Since 1982, there’s been a very easy way to get across Chautauqua Lake from one side to the other. It’s the I-86 Bridge. But, there’s another way to get across that’s much more historic and much more fun.
It’s the Bemus Point-Stow Ferry. This particular ferry has been crossing Chautauqua Lake every year for the past 92 years. But, vessels called the Bemus Point-Stow Ferry have been connecting the communities of Bemus Point and Stow for the past 212 years. There’s been at least 12 of them. The ferry service goes back to 1811…the year Chautauqua County was established.
“The very first order of business of Chautauqua County was Thomas Bemus getting a license to operate a ferry,” says Jay Kuntz, a volunteer at the ferry.
The Bemus family owned farmland on either side of Chautauqua Lake and supplies and animals were transported by the ferry. Walking 23 miles to the other side of the lake would have taken three to five days. The Bemus family operated the ferry for 77 years. The service was then taken over by a corporation headed by a man named Alton Ball.
Ball died near the end of World War II. The service was so important, the county took over its operation. Cars were now prevalent in the area and the ferry was still the fastest method to get to the other side of the lake. Well, usually.
“They would count the number of cars in line. I believe the magic number was 19,” says Jay. “If you were 19, it was probably going to be quicker to drive around.”

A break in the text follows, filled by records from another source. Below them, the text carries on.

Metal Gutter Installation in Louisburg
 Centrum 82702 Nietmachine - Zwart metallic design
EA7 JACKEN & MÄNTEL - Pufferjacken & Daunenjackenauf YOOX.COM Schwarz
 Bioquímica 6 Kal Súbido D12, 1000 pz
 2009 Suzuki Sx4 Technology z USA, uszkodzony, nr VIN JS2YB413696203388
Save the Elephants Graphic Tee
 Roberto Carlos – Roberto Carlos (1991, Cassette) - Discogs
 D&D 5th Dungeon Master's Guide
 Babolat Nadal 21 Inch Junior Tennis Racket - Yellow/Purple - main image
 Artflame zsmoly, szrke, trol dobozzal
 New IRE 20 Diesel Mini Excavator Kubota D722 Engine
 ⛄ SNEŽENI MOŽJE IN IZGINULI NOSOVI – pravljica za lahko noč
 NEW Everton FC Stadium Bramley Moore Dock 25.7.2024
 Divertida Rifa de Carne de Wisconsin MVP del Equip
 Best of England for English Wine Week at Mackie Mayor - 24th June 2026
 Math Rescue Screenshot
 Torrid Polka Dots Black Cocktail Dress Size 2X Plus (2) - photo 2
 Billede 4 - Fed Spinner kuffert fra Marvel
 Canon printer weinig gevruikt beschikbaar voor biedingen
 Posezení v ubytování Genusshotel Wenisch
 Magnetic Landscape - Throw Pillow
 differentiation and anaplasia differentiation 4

Then came 1982. The I-86 Bridge was built. Motorists could now get across the lake in about a minute. The need for the ferry was gone. But, a group of volunteers did not want the service to die. There was too much history. They took it over. Tourists and locals still drive their cars on board. They get out and just enjoy the scenic ride. What a nice way to experience beautiful Chautauqua Lake.
There’s no fee for riding the ferry but donations are appreciated and needed. The ferry operates on weekends from Memorial Day to Labor Day. Fridays 4 p.m. to 9 p.m. Saturdays and Sundays from noon to 9 p.m.
The ferry could not take passengers from 2018 to 2020 but it still crossed the lake, at least once, to keep its continuous operation alive.